The instant federal petition was filed on June 8, 2018. ECF No. 2.
To obtain a Rhines stay, a petitioner must show: (1) he had good cause for his previous failure to exhaust; (2) his unexhausted claims are potentially meritorious; and (3) there is no indication that he engaged in intentionally dilatory litigation tactics. 544 U.S. at 278; see also Mena v. Long, 813 F.3d 907, 910 (9th Cir. 2016). As an initial matter, the court finds that there is no indication in the record that either petitioner or his counsel has engaged in intentionally dilatory tactics. And the court cannot say that "it is perfectly clear" that the claims petitioner seeks to exhaust have no hope of prevailing if they were properly brought before this court. See Cassett v. Stewart, 406 F.3d 614, 624 (9th Cir. 2005) (holding that "the principle of comity counsels in favor of a standard that limits a federal court's ability to deny relief under § 2254(b)(2) to circumstances in which it is perfectly clear that the petitioner has no hope of prevailing.").
This circuit has found that the good cause requirement does not demand a showing of "extraordinary circumstances." Jackson v. Roe, 425 F.3d 654, 662 (9th Cir. 2005). In Blake v. Baker, this circuit instead held that "good cause turns on whether the petitioner can set forth a reasonable excuse, supported by sufficient evidence, to justify that failure [to exhaust]." 745 F.3d 977, 982 (9th Cir. 2014). Here, the petition was filed for the legitimate purpose of "protecting" his claims insofar as he could not be certain whether his state filing would be timely and, thus, toll the federal statute of limitations. See Pace v. DiGuglielmo, 544 U.S. 408, 416 (2005) ("A petitioner's reasonable confusion about whether a state filing would be timely will ordinarily constitute `good cause' for him to file in federal court."). As petitioner notes, California sets no exact deadline for habeas petitions and instead mandates only a petitioner file "without substantial delay." See, e.g., In re Douglas, 200 Cal.App.4th 236, 242-43 (2011).

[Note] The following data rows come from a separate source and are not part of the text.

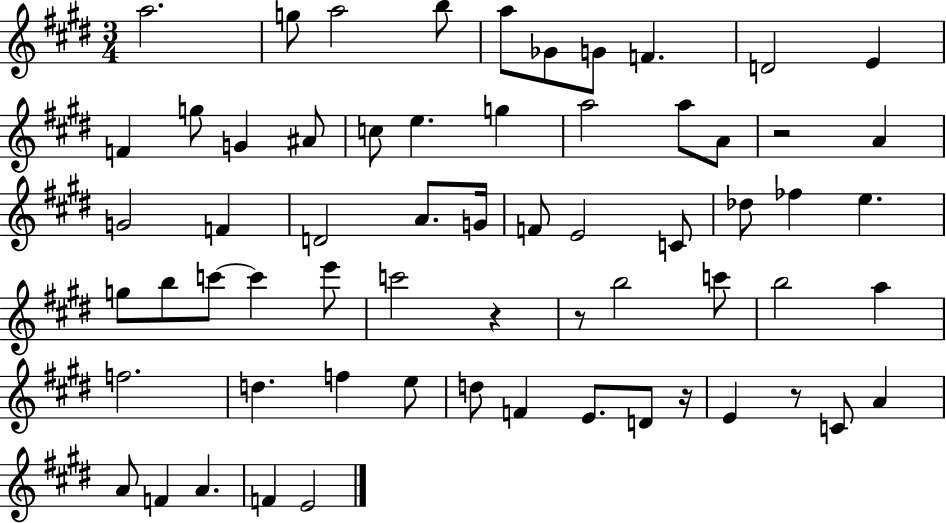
{
  \clef treble
  \numericTimeSignature
  \time 3/4
  \key e \major
  a''2. | g''8 a''2 b''8 | a''8 ges'8 g'8 f'4. | d'2 e'4 | \break f'4 g''8 g'4 ais'8 | c''8 e''4. g''4 | a''2 a''8 a'8 | r2 a'4 | \break g'2 f'4 | d'2 a'8. g'16 | f'8 e'2 c'8 | des''8 fes''4 e''4. | \break g''8 b''8 c'''8~~ c'''4 e'''8 | c'''2 r4 | r8 b''2 c'''8 | b''2 a''4 | \break f''2. | d''4. f''4 e''8 | d''8 f'4 e'8. d'8 r16 | e'4 r8 c'8 a'4 | \break a'8 f'4 a'4. | f'4 e'2 | \bar "|."
} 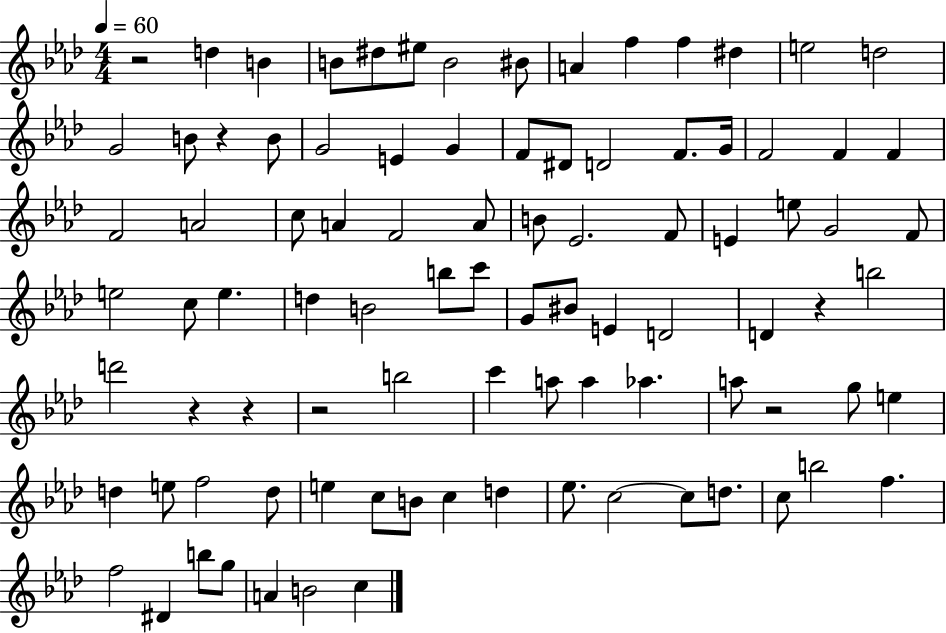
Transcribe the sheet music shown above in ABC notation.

X:1
T:Untitled
M:4/4
L:1/4
K:Ab
z2 d B B/2 ^d/2 ^e/2 B2 ^B/2 A f f ^d e2 d2 G2 B/2 z B/2 G2 E G F/2 ^D/2 D2 F/2 G/4 F2 F F F2 A2 c/2 A F2 A/2 B/2 _E2 F/2 E e/2 G2 F/2 e2 c/2 e d B2 b/2 c'/2 G/2 ^B/2 E D2 D z b2 d'2 z z z2 b2 c' a/2 a _a a/2 z2 g/2 e d e/2 f2 d/2 e c/2 B/2 c d _e/2 c2 c/2 d/2 c/2 b2 f f2 ^D b/2 g/2 A B2 c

Accordingly, the hearing on respondent's motion to dismiss, currently set for January 23, 2019, is VACATED.
Further, for the reasons stated above, it is RECOMMENDED that petitioner's motion to stay (ECF No. 3) be GRANTED. Further, given that respondent's motion to dismiss is predicated entirely on the inclusion of unexhausted claims in the current petition (ECF No. 17) — the status of which the stay would potentially address — it is recommended that the motion be DENIED without prejudice.
These findings and recommendations are submitted to the United States District Judge assigned to the case, pursuant to the provisions of 28 U.S.C. § 636(b)(1). Within fourteen days after being served with these findings and recommendations, any party may file written objections with the court and serve a copy on all parties. Such a document should be captioned "Objections to Magistrate Judge's Findings and Recommendations." Failure to file objections within the specified time may waive the right to appeal the District Court's order. Turner v. Duncan, 158 F.3d 449, 455 (9th Cir. 1998); Martinez v. Ylst, 951 F.2d 1153 (9th Cir. 1991).